Nanjing: When I think about my reasons for brazenly rejecting an escort from Shanghai’s international airport to my new residence in Nanjing, they don’t seem so sound anymore. At least, that was the repentant notion that I adopted after spending the better part of 24 hours in airports, train stations, or some other vestibule that was designed to shuttle me toward my eventual terminus. Just like the wind; Traveling blows!
So, in the grand scheme of things, I’ve become more resigned to follow through on my goal of only taking 2 very selective holidays during this new chapter of China. I should save myself a bunch of grief and a little bit of money as well.
During one of my constant train rides from the last day or so, I was a passenger aboard a comprehensive and state of the art metro system. This metro system belonged to Shanghai, and brother it’s something. It’s clean; it’s timely; it’s quiet and comfortable. In short, it may very well be the antithesis of Chicago’s beleaguered public transit system. Not to downplay the inherent charm of my hometown’s bucket of bolts CTA, but it doesn’t really measure up to the standards being set by modern transit systems all across the world.
On Shanghai’s metro, I spotted a young Chinese man amidst the commuters. He was outfitted in (what I imagine to be) contemporary 21st century fashionable urban garb; and he also sported a tattoo on his left forearm.
What caught my eye in this particular young man’s appearance was not the style of his clothing, nor was it his physical demeanor (he seemed adequately sedate among the other doleful passengers). Rather what caused my eyes to linger on him a bit longer than the other myriad distractions was this forearm tattoo.

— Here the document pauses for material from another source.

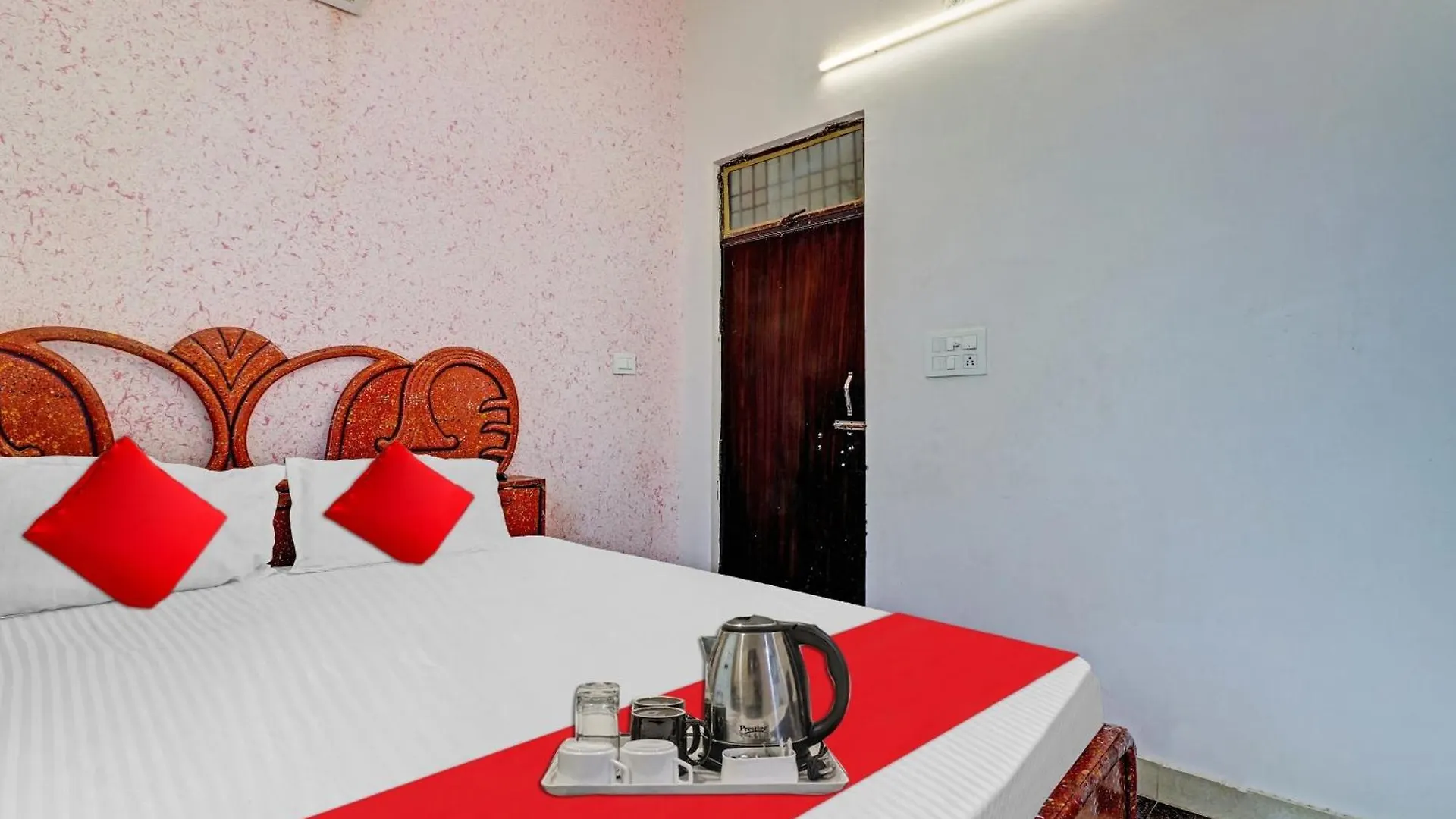 Hotel O M.G. Palace Tajganj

It was written in English. It read “Love You” and it was written in a looping, lazy script. The two words were so close together that it looked more like LoveYou—one word. I can’t fathom the intentions and motivations of this young man when he got that ink seared into the flesh of his lower left forearm. I couldn’t help but think of every hapless person that deems it necessary to get some obscure Chinese character emblazoned onto his or her hide. Most often these people make the choice based on aesthetics alone because, quite frankly, they have no idea what their choice in Chinese characters actually means.